Section C. The Board of Directors shall adopt written "Financial Controls and Procedures" to regulate the receipt, disbursement and safekeeping of the Association's money including, without limitation, authority to sign checks or contracts and authority to approve expenditures.
Section D. At the end of each year, the outgoing Board of Directors shall appoint one or more individuals who are not then Directors of the Association, to review and validate that the Association's financial records for the year then ending are in accordance with these bylaws and the Financial Controls and Procedures adopted pursuant to this Article 5. The results of the review shall be presented in writing to the new Board of Directors as soon as possible the following year.
Section E. Any Member in good standing shall be entitled to receive, upon request, a copy of the most recent financial statements of the Association or the report of the results of the most recent financial review.
ARTICLE 6 - PROCEDURES
The Board of Directors will make available an official Handbook of Procedures each year to include general information and procedures for FLWGA golfing activities. Changes to the procedures should be approved by the Board. Any dispute regarding procedures should be resolved by the Board based on the information presented in the Handbook.
ARTICLE 7 - COMMITTEES
Section A. There shall be as many standing committees as are necessary for the Board to accomplish its objectives.
Section B. Directors shall appoint committee chairpersons as needed and advise the Board.
Section C. All committees should have written guidelines outlining the scope of the committee’s authority and responsibilities.
ARTICLE 8 - RECORDS
Section A. Financial records of the Association shall be retained for a period of seven (7) years.
Section B. Historical records, including minutes of the Board meetings and of any Membership meetings shall be retained for a period of seven (7) years. The Secretary shall review records prior to destroying them for the purpose of preserving historical information, which might be useful to the Association.

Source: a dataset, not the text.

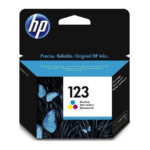 HP 123 trois couleurs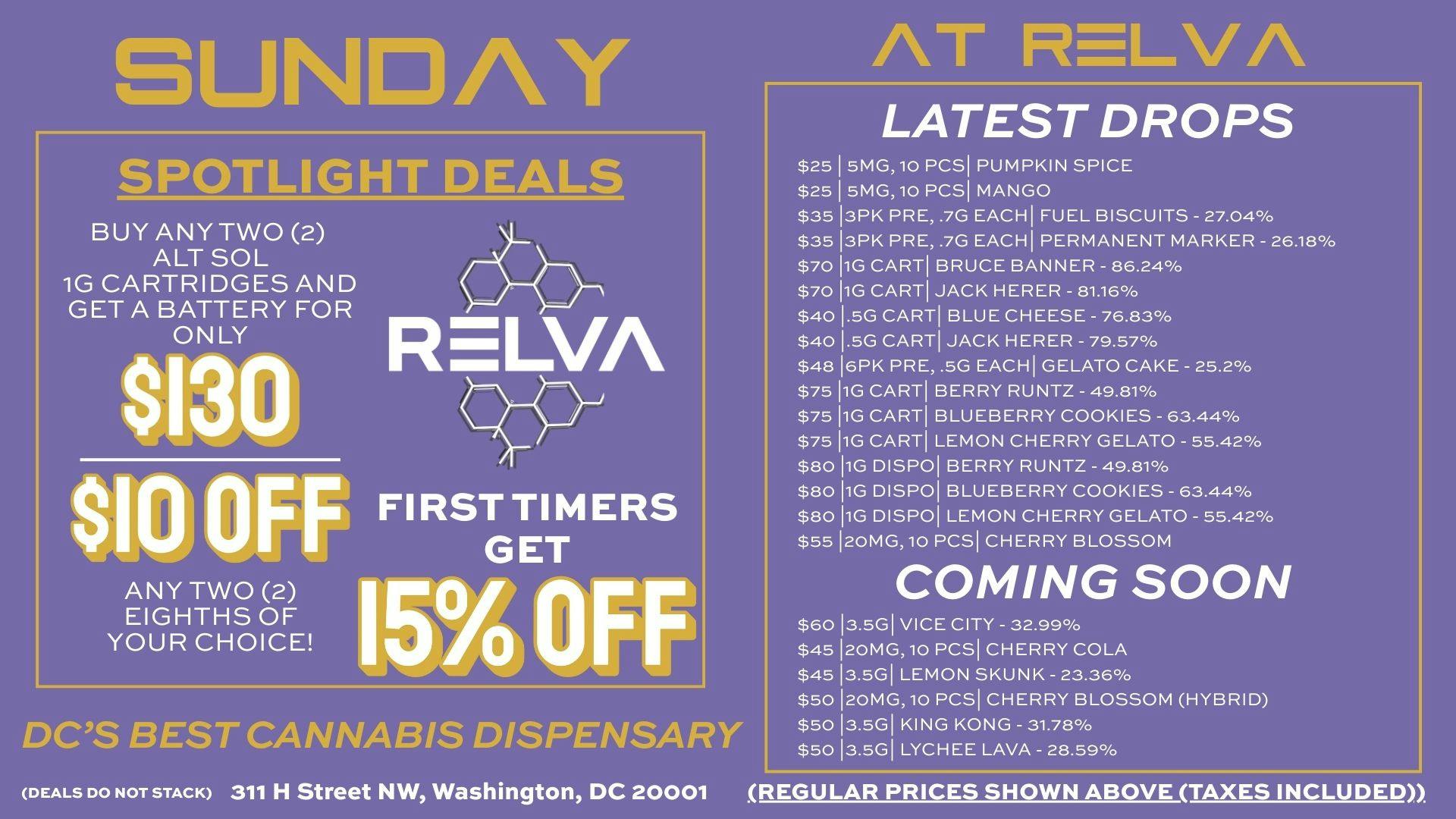 Relva Sunday at Relva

Section C. Members, including past Members, are prohibited from disclosing any roster information of Members to non-members. Roster information is to be used only for FLWGA business.
ARTICLE 9 - AMENDMENTS TO BYLAWS
Section A. Any proposed amendment to the bylaws of this Association will be presented at either the annual meeting or a special meeting of the membership. If a meeting cannot take place in person due to unforeseen circumstances, the meeting may be conducted via electronic communication.

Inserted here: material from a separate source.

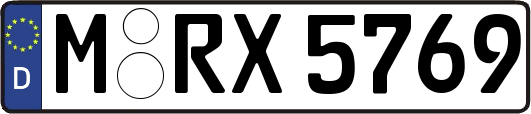 M-RX5769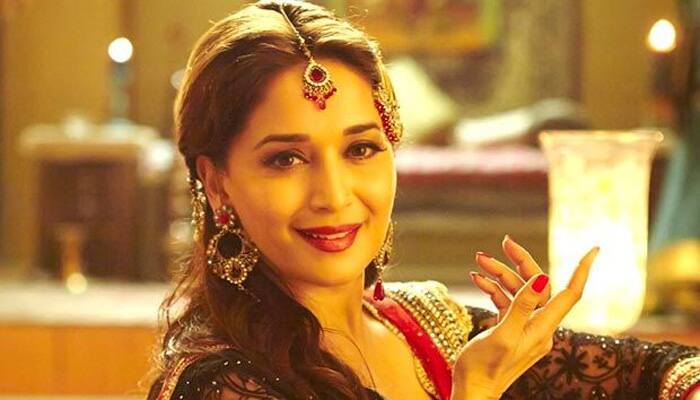 What keeps Madhuri Dixit in shape?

Section B. Minimum of fourteen (14) days notice is to be given of a proposal to alter, amend, or repeal the bylaws or to adopt new bylaws at such meeting. The details of the proposed changes will be sent via email to all Members along with the meeting notice. Members will be given an opportunity to question or discuss proposed changes either via email or at the in-person meeting.
Section C. Approval by 20% of the total membership plus a simple majority of the Directors shall be required for the passage of a proposed amendment. An option for electronic voting or paper ballots may be utilized if a decision by 20% of the membership cannot be reached at the meeting.
ARTICLE 10 - DISSOLUTION
Prior to Association dissolution and after all debts are satisfied, all property and assets shall be turned over to the VAFLCA.
ARTICLE 11 - SAFETY AND FINANCIAL LOSS
The FLWGA is not responsible for accidents of any nature, or financial injury/loss to any FLWGA Members or guests during a FLWGA activity.